For me, this sport doesn’t fit me as well because I am very scared of flips that it took me two years to learn how to do a front walkover.  In addition, although being short helps artistic gymnasts move easier, I can’t imagine trying to make myself shorter so I can continue doing this sport. Nevertheless, other people might like these characteristics of artistic gymnastics. 

“There isn’t really an easiest or hardest event, at least in my opinion they’re all different reasons for being difficult and it’s very subjective,” senior and varsity gymnast Maddie Bullock said. “My best event is the beam, but it’s scary and extremely high risk so I’d say the most fun event for me is the floor.”

Unlike artistic gymnasts that compete on one or all four events, rhythmic gymnasts only perform on the floor which is much softer and wider than the artistic floor. Rhythmic routines are fast-paced, choreographed to music, involving body skills and dance, combined with the soft and gentle handling of small equipment. The choreography must cover the entire floor and contain a balanced flowing combination of jumps, leaps, pivots, balances and flexibility movements in 75 to 90 seconds.

“To me, gymnastics means being part of a team and doing what you love. Doing gymnastics is what I thoroughly enjoy, which is why to me it means passion.”

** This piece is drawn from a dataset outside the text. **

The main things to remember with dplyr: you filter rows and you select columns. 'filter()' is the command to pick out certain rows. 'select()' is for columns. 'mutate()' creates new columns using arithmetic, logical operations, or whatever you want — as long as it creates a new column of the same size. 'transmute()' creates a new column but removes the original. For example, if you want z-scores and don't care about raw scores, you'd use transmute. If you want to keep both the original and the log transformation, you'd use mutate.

— sophomore rhythmic gymnast Brianna Edwards

“In rhythmic, you manipulate apparatuses such as a ball, a hoop, clubs, a ribbon and sometimes a rope while dancing,” sophomore and rhythmic gymnast Brianna Edwards said. “It has elements of ballet in turns such as fouettés. I love this sport because of the flexibility of gymnasts and how gracefully they move with their equipment.”

This form of the sport is better suited for fast people who are more flexible and graceful, as the primary focus is to achieve ballet-like agility. However, it requires a lot of time, hard work and dedication in order to achieve a spot on the National team. One of the characteristics of this sport is the differing music of each piece of equipment that is selected through the personality and the likings of the gymnast. The beautiful leotards, which are the clothing worn in competition, and the different skills and handlings of the equipment. 

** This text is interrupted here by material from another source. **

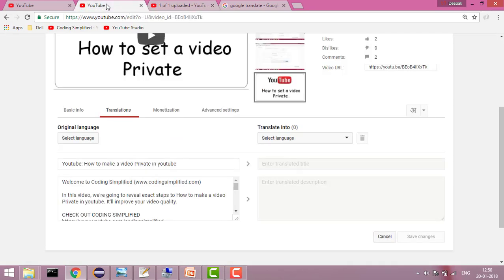So guys, we have seen how we can add translation for a video. If you got your answer, please like the video. If you still haven't got the answer, please put it in the comments and we will try to solve it. Thanks for watching and please like and subscribe the channel for more such videos.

“I don’t like how gymnastics requires so much hard work and dedication. The conditioning is very tiring and stretching is painful,” Edwards said. “The practice hours are so long as well! It’s definitely a sport that requires a lot of dedication and you have to love it a lot to put so much time and effort into it.” 

Some benefits of both artistic and rhythmic gymnastics are getting more flexible and strong both physically and mentally. It is important to control the fear and nervousness in competitions, as well as manage time for school and practices because it can sometimes make the gymnasts want to quit and give up. Through this way, gymnasts learn to keep themselves together in order to move on and improve. 

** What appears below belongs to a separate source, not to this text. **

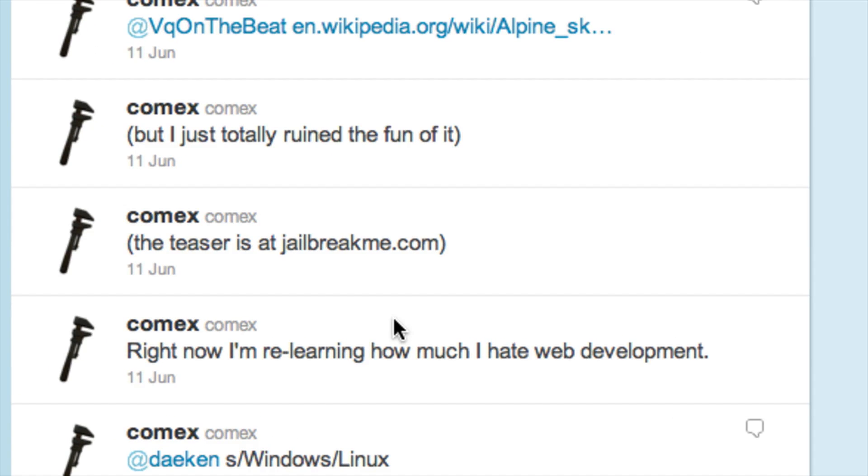Today I'm going to be doing a video about the new jailbreak me 3.0 that is supposedly being worked on right now by Comex.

Some determinants are the competition between teammates and parents. Although friends with close relationships, jealousy, competitions, and verbal fightings exist throughout trainings. Even so, gymnastics is an amusing sport with many ups and downs in the process of becoming a better gymnast.

“Starting a competitive and involved sport like artistic gymnastics at a young age has allowed me to learn a lot about time management. With more practices and school work as I got older, I had to learn how to create a schedule that worked for me,” senior and varsity gymnast Macie Vance said. “Gymnastics has also benefited me by allowing me to meet many new people and keep myself involved in a fun sport that also keeps me in shape.”

Overall, both forms of gymnastics are enjoyable sports that keep people physically and mentally fit. Each type has distinctive charms and means something special to each gymnast. 

“To me, gymnastics means being part of a team and doing what you love,” Edwards said. “Doing gymnastics is what I thoroughly enjoy, which is why to me it means passion.”